Chapter 1 Film as Art: Creativity, Technology, and Business
If you have aspiring filmmakers in your class, you might want to direct them to David’s “The magic number 30, give or take 4,”  on the age at which most directors get started.
Chapter 2 The Significance of Film Form
During the spring of 2008, there was a lot of talk concerning the supposed decline of film criticism. In response, “In critical condition”  elaborates on the four activities laid out in Chapter 2: Description, analysis, interpretation, and evaluation.
Chapter 3 Narrative as a Formal System
“A behemoth from the Dead Zone,”  on the monster movie Cloverfield, discusses the concept of restricted narration in detail, touching on other Hollywood examples as well.

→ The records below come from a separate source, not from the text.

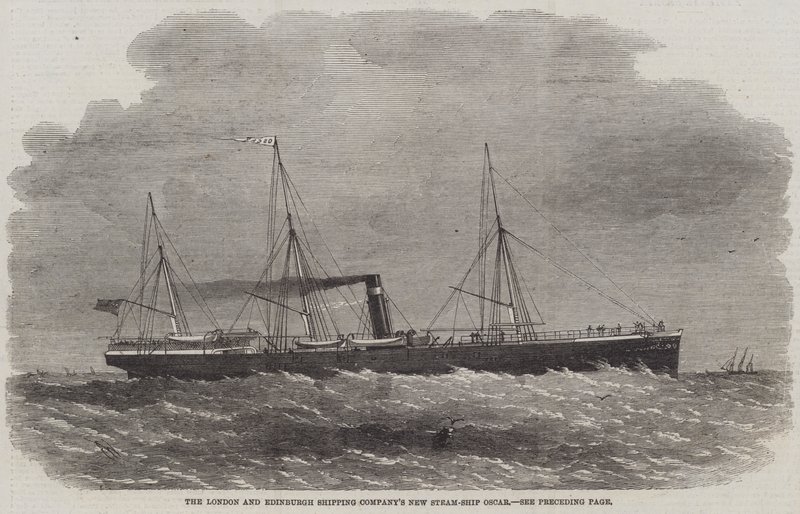 Le nouveau vapeur de la London and Edinburgh Shipping Company, Oscar - Edwin Weedon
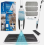Spray Mop Floor Cleaner Water Spraying with Replacement Pad Microfibre 9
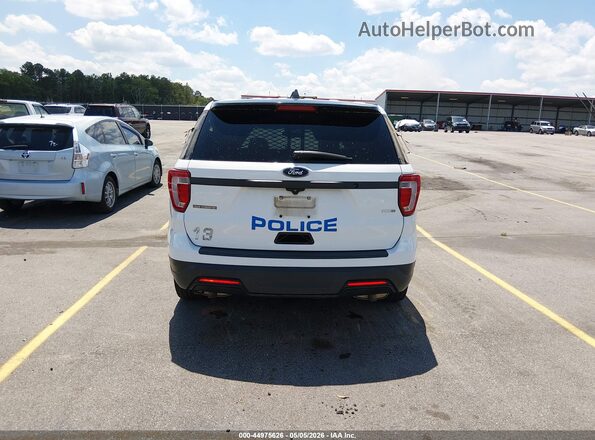 1FM5K8AR0JGC18472 2018 FORD POLICE INTERCEPTOR White 
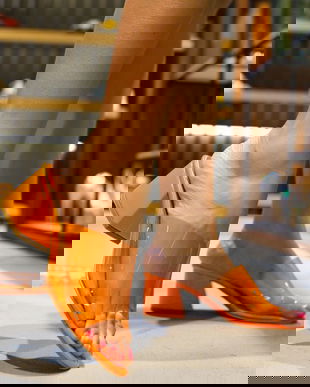 Sandale Colina Portocalii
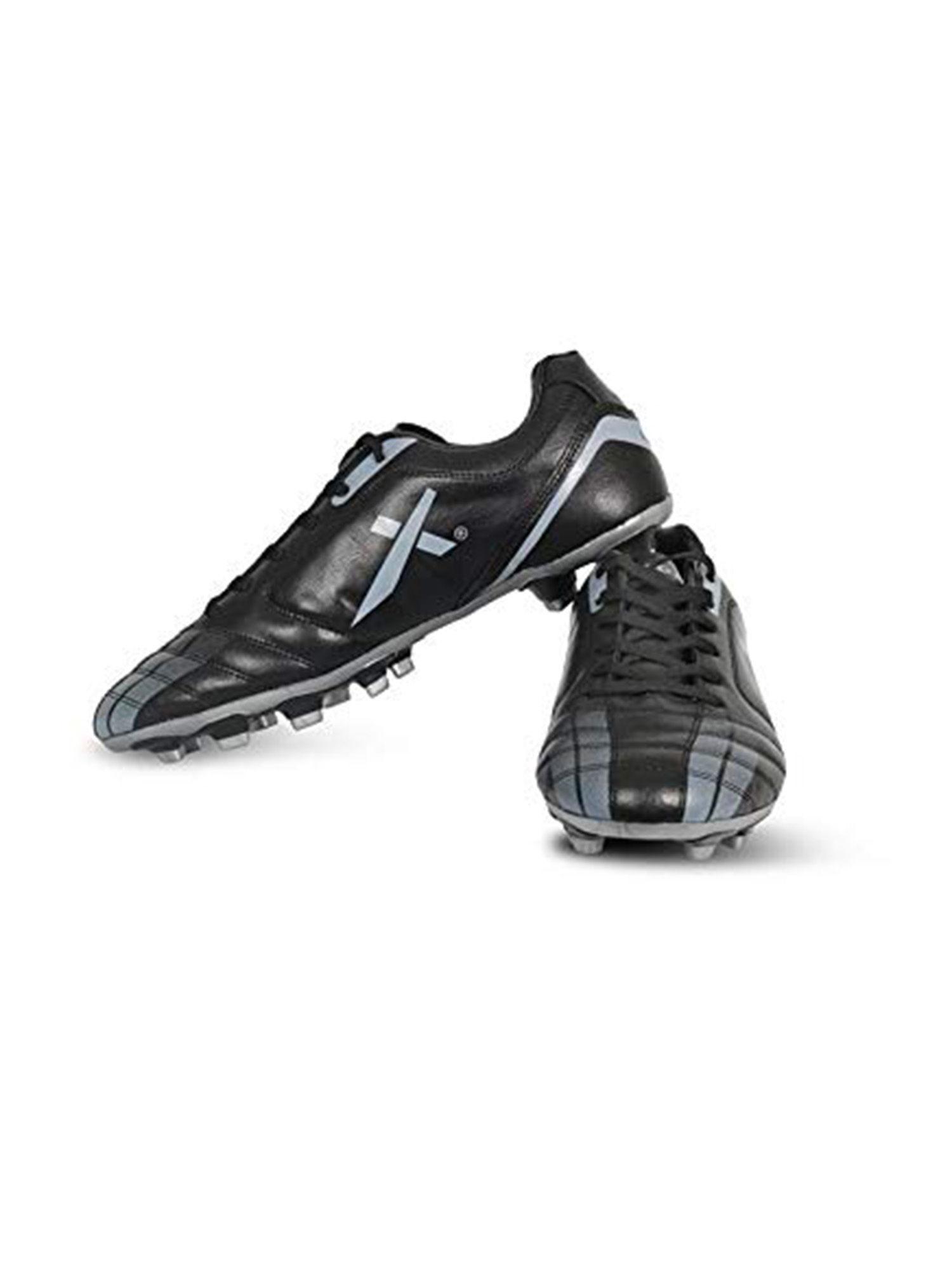 speed football shoes for men - black - grey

Virtually all the films used in Film Art are good examples of whatever technique or formal property we’re discussing. For Indiana Jones and the Kingdom of the Crystal Skull,  we pick apart the problems with motivation, progression, and character. We end with some comments on Steven Spielberg’s directorial style.
Two essays on David’s website deal with narrative issues. “The Hook: Scene Transitions in Classical Cinema”  examines how classical Hollywood films use small-scale patterns to guide the spectator from one scene to the next. “Anatomy of the Action Film” analyzes the plot structure in Mission: Impossible: III using a number of concepts discussed in Film Art.
Chapter 4 The Shot: Mise-en-Scene
In “Hands (and faces) across the table,”  analyses of three long takes from films made decades apart—Paul Thomas Anderson’s There Will Be Blood (2007), Akira Kurosawa’s The Most Beautiful (1944), and Cecil B. De Mille’s Kindling (1915)—demonstrate the use of staging to subtly direct the viewer’s attention within the frame. This entry could be equally useful in exploring the long take in Chapter 5.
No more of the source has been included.